(EXERCISE BRIEF): Using the records below, write out again exactly the lines that begin at the line containing "Figure 1. UVis" and end at the line containing "Immigrants from Western", and no other lines.

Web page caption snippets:
+ + + + +

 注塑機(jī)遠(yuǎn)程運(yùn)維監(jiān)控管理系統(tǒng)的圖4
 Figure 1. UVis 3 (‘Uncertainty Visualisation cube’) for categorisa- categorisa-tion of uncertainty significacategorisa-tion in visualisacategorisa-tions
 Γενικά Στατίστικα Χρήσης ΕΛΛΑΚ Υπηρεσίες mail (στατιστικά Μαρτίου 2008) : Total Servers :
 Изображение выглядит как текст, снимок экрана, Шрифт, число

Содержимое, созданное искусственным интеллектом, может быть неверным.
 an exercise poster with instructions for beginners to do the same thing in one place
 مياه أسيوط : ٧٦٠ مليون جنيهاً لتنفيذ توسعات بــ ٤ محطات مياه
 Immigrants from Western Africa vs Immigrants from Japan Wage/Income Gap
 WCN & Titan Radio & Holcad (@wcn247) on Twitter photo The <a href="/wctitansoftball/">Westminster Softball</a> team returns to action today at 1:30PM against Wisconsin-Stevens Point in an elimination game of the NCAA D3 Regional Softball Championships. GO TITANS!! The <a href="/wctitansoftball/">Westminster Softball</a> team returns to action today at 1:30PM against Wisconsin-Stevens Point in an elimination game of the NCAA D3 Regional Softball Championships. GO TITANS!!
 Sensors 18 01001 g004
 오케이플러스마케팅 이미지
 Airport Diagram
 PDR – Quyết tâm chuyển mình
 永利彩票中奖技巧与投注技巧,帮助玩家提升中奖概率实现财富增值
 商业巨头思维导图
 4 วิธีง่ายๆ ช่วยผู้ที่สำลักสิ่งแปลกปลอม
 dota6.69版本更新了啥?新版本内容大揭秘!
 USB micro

+ + + + +

(RESULT OF THIS EXERCISE):
 Figure 1. UVis 3 (‘Uncertainty Visualisation cube’) for categorisa- categorisa-tion of uncertainty significacategorisa-tion in visualisacategorisa-tions
 Γενικά Στατίστικα Χρήσης ΕΛΛΑΚ Υπηρεσίες mail (στατιστικά Μαρτίου 2008) : Total Servers :
 Изображение выглядит как текст, снимок экрана, Шрифт, число

Содержимое, созданное искусственным интеллектом, может быть неверным.
 an exercise poster with instructions for beginners to do the same thing in one place
 مياه أسيوط : ٧٦٠ مليون جنيهاً لتنفيذ توسعات بــ ٤ محطات مياه
 Immigrants from Western Africa vs Immigrants from Japan Wage/Income Gap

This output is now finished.